しかしです。ただ情報を伝えるだけで、どれだけ卒業生の心は母校に向くのでしょう。ただ伝えるだけでは、少しパンチが足りないんじゃないの? そう思っていたところ、面白い卒業生向け特設サイトを立ち上げて卒業生とコミュニケーションをとる大学を見つけましたので、ご紹介します。
以下、大学プレスセンターより。
東京理科大学が卒業生向け特設WEBコンテンツ「理科大思い出アルバム」を開設 -- 卒業生と大学の双方向性コミュニケーションを促進
東京理科大学(学長:藤嶋 昭)は1月27日(水)に同窓生向け特設WEBサイト「理科大思い出アルバム」を開設する。
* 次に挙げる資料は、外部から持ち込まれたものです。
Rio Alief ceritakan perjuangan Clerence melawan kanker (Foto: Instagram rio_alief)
これは、多くの卒業生たちが紡いできた同大での思い出の数々を、写真を通じて共有し合い、アーカイブ化していくことを目的としたもの。卒業生と大学の双方向性コミュニケーションを促進する。サイトは一般に公開され、卒業生以外も閲覧できる(写真の投稿は卒業生のみ可能)。(後略)
東京理科大の卒業生向けサイト「理科大思い出アルバム(https://omoide.tus.ac.jp)」 |
平たく言うと、卒業生を限定にした昔の写真投稿サイト。コンテンツ制作の仕事をする私としては、個人情報まわりが少し気になるところなのですが、これ、かなり面白そうです。
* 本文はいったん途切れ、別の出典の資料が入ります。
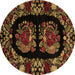 Round Medallion Brown French Rug, abs5402brn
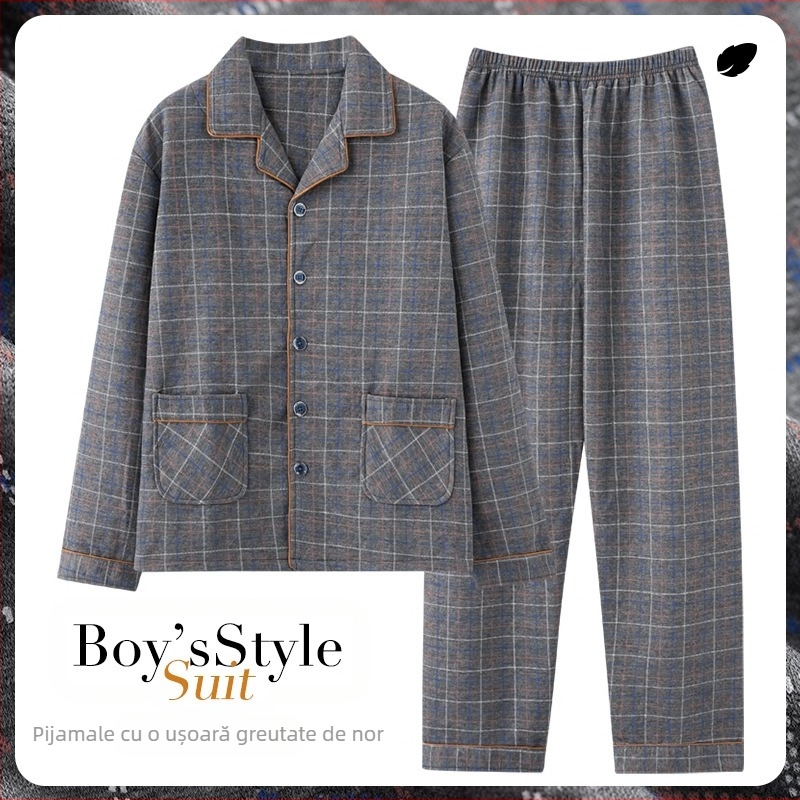 Pijamale transfrontaliere en-gros pentru bărbați, primăvara și toamna, bumbac gros, mânecă lungă, toamna și iarna, subțire, bumbac, haine de casă din bumbac aerian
卒業生に向けたコミュニケーションで、よく愛校心とか、大学への帰属意識といった言葉が出てきます。でも、ほとんどの卒業生にとっての関心ごとは今の大学じゃなく、自分たちがいた時代の大学であり、そのとき時間を共有した人たちだと思うんですね。卒業生のこころは、大学ではなく、過去とつながっているわけです。
だから、大学が教育改革をしたとか、キャンパスを増築したとか、“今の大学”を声高に謳っても、いまいちピンとこない。それより、昔のゼミ担当教員や友人が写り込んでいる写真を見た方が、よっぽどうれしいし、自分と大学とのつながりを実感できる、そんな人がたくさんいるように思います。
このサイトは、時代、場所、イベント行事などで写真を細かく区分しているにも関わらず、つくりがかなりシンプル。そのため、昔の思い出にとくに興味をもちそうな年輩の人でも、迷わず使うことができます。それに、各写真にSNSボタンがついているのも◎ 友達や恩師が写っている写真を見つけたら、当時の友達に教えたくなる人がたくさんいるはずで、そんな気持ちにしっかり応えられるようになっています。
勝手な想像ですけど、こういう古い写真が学生時代の友達から送られてくると、ひさびさに会おうとか、同窓会をやろうとか、そういった話になりがちな気がするんですね。大学時代の思い出話なんて、かなり美味しい酒の肴なわけですから。
こんな状況が生まれることを踏まえ、このサイトをきっかけに同窓会を行うときは大学側が補助を出すとか、そもそもこのサイトが主催となって同窓会を開くとか、そういったネットとリアルをつなげる取り組みを、次のステップとしてやってみてはどうでしょうか。これができると、大学と卒業生との距離がグンと縮まるだけでなく、卒業生同士の交流も盛んになるわけで、大学を支える新たなコミュニティを築けそうです。